PP:  Note how quickly Gideon resorted to trusting in his own efforts even after God clearly demonstrated His power. Express to God your desire to be true to Christ all your days. “Trust in the Lord with all your heart and lean not on your own understanding. In all your ways, acknowledge Him and He will direct your path”. (Proverbs 3:5-6.)

Additional Readings: Mark 6:14-29; 1 Corinthians 10:14-33; Psalm 85


Read Judges 9

TAI: The sad tale of Abimelech begins with the last paragraph of chapter 8; review those verses. His name means my father is king – what is the irony with that name? Jotham’s “prophetic parable” likens Abimelech to what? How much of this prophetic word comes to pass? Ponder the parallels – both similarities and differences – between King David and his sons and Gideon and Abimelech. What lesson comes from that reflection? Reflect also on the sad end of Abimelech and his pride even in death.

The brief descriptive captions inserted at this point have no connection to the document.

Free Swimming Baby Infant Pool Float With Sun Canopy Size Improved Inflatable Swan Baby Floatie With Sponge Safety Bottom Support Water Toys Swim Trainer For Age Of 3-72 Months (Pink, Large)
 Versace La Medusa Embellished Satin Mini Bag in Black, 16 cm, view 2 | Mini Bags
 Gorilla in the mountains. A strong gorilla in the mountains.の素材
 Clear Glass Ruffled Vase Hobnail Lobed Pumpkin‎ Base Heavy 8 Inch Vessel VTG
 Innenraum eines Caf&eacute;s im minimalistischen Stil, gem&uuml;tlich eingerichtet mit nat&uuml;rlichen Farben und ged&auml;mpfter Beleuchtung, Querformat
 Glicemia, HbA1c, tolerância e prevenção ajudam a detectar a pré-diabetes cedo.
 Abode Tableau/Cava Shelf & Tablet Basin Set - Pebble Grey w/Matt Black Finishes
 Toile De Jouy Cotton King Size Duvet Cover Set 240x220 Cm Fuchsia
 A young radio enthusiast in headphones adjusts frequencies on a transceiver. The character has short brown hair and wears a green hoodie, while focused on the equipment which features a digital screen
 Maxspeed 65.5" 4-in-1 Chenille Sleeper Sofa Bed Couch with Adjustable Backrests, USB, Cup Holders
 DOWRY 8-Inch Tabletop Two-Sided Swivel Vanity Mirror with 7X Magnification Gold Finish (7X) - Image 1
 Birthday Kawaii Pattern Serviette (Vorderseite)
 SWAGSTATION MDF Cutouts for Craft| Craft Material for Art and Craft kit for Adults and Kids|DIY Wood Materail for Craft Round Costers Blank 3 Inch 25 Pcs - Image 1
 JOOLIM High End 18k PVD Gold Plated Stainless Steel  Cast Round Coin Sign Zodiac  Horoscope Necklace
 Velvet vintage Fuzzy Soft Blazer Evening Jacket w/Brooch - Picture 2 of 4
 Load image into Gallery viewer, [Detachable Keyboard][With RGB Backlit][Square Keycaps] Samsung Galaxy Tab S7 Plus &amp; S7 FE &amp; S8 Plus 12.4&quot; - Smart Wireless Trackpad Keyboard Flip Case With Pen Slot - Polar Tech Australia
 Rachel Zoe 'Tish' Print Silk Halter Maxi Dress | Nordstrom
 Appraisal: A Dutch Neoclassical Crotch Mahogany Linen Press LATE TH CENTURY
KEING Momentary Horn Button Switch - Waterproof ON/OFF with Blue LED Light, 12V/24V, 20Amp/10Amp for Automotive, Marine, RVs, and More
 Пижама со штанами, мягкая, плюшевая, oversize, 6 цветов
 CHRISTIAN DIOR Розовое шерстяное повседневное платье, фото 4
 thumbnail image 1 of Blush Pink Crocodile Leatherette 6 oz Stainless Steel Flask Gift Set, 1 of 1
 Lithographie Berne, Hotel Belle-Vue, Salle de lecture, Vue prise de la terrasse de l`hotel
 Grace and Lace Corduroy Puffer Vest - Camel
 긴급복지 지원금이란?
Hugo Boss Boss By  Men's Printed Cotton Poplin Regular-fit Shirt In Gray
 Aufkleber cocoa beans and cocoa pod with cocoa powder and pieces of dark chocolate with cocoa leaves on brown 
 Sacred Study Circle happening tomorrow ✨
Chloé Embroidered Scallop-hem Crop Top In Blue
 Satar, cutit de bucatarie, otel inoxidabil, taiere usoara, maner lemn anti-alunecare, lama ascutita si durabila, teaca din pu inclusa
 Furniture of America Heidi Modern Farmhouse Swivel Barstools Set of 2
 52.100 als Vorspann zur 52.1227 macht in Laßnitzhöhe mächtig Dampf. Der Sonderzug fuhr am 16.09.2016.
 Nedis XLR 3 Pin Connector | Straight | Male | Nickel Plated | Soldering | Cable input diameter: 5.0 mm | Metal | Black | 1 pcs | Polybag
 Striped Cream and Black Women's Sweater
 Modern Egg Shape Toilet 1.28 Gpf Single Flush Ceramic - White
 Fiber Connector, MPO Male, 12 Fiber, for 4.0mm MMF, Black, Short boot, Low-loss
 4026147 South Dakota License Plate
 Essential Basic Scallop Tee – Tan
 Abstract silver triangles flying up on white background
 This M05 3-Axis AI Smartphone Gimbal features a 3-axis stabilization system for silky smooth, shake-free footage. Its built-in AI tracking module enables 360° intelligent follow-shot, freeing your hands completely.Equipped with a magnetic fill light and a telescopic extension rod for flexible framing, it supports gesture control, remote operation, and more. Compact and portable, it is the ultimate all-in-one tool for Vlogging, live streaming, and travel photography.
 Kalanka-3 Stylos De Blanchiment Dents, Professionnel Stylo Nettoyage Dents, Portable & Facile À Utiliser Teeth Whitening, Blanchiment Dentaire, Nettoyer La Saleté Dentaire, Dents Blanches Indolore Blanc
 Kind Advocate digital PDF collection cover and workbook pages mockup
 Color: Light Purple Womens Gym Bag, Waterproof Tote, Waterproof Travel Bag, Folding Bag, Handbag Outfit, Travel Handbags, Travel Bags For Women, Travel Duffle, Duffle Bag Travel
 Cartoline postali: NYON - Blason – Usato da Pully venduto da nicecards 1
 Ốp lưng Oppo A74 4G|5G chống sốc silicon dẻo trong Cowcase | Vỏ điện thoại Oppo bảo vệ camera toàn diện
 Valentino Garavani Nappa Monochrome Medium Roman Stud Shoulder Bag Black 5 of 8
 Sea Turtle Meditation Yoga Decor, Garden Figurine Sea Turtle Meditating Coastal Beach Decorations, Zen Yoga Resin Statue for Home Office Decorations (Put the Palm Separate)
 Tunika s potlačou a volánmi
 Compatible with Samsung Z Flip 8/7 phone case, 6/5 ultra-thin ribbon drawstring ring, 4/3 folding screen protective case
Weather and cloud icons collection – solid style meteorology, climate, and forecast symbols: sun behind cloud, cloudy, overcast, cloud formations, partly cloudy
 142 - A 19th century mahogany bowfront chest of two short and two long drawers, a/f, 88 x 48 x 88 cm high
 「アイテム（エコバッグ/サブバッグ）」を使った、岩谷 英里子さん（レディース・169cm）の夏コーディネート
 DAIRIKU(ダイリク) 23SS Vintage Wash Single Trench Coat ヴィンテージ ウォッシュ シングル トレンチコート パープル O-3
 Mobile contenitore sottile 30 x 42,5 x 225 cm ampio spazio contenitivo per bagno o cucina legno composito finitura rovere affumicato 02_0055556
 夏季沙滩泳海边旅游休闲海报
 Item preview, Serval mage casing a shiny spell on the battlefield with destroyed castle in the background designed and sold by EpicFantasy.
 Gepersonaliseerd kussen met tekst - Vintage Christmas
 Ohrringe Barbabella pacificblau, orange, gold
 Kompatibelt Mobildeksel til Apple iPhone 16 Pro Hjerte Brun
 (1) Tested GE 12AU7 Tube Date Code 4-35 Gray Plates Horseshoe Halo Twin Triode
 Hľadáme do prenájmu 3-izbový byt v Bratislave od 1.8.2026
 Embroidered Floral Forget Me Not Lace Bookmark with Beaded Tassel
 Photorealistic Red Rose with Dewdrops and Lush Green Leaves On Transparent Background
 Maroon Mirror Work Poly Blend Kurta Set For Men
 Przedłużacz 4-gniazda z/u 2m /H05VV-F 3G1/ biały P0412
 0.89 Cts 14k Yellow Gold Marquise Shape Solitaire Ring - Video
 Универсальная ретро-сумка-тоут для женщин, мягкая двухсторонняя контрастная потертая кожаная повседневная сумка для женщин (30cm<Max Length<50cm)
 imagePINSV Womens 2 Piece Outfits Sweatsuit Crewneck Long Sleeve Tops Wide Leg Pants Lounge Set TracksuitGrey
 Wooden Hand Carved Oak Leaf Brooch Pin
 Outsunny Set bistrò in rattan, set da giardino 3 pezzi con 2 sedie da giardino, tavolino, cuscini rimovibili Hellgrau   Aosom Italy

PP:  Pray for the families of our church, and especially the relation-ships between fathers and their children. Ask God to break you of pride, knowing that “pride comes before a fall” (Prov. 16:18). How does pride rear its ugly head in your life? Confess that to God. Pray for our nation, state, and local community to choose leaders who are wise and submissive to God and not full of arrogant pride.

Additional Readings: Mark 6:30-44; 1 Corinthians 11:1-16; Psalm 86


Read Judges 10-12

TAI: The theme of Judges is the downward spiral of Israel’s national and spiritual life into chaos and apostasy, showing the need for a godly king to lead it. (ESVSB) What strikes you about the judges listed in these passages? Who was Jephthah and what was he known for? How was he treated by his family and fellow countrymen? What was he called upon to do and how did he respond? Note the diplomatic discussions between Jephthah and the Ammonites in 11:12-28.  How did Jephthah end the discussions in vs 27? What was Jephthah’s tragic vow?

PP: Jephthah is a flawed judge because of his ancestry, because of his appointment by the elders rather than a direct call from God, and because of his foolish vow. He makes evident the need for permanent salvation through the coming line of King David. (ESVSB) We can see plenty of evidence today of downward spiral of national and spiritual life around the world. Pray for revival and that God would raise up leaders at all levels that would seek Him with all their heart.

Additional Readings:  Mark 6:45-56; 1 Corinthians 11:17-34; Psalm 87


Read Judges 13-15

TAI: Israel’s downward spiral continues, and Samson is the last of the judges. Note the circumstances surrounding his birth. Any similarities to other biblical characters? (Gen 16:1; 1 Sam 1:2; Luke 1:7) Samson’s exploits fall into two segments (ch 14-15 and ch 16). In this first segment, the Spirit of the Lord “rushed upon him” in three separate occasions. However, Samson also violated two of the three requirements of a Nazarite’s vow. Yet, it is evident that God was using Samson to accomplish His own purposes (14:4), even with Samson’s failures.  What does this reveal about God?

PP:  God’s sovereignty is on full display at the same time Samson is pursuing what seems right in his own eyes (14:3). God’s desire is to judge the Philistines and deliver Israel. Samson’s desire was to please himself. Are you willing to ask God to search your heart and reveal selfish desires that are opposed to His? Are you willing to acknowledge that God is ultimately in control of the affairs in your life?

Additional Readings: Mark 7:1-23; 1 Corinthians 12:1-13; Psalm 88


Read Hebrews 6

TAI & PP: While the first part of Hebrews 6 continues the theme of MATURITY and the exhortation to grow into maturity in Christ; the last part of the chapter offers the encouragement of the certainty of God’s promise for blessing. What is the “sure and steadfast anchor of the soul”? Pray for Tanner Leuthold, who will be preaching on this passage this Sunday. Ask God to guide Tanner in his study and preparation. Ask God to prepare your heart to hear from Him through this passage and to respond in obedience.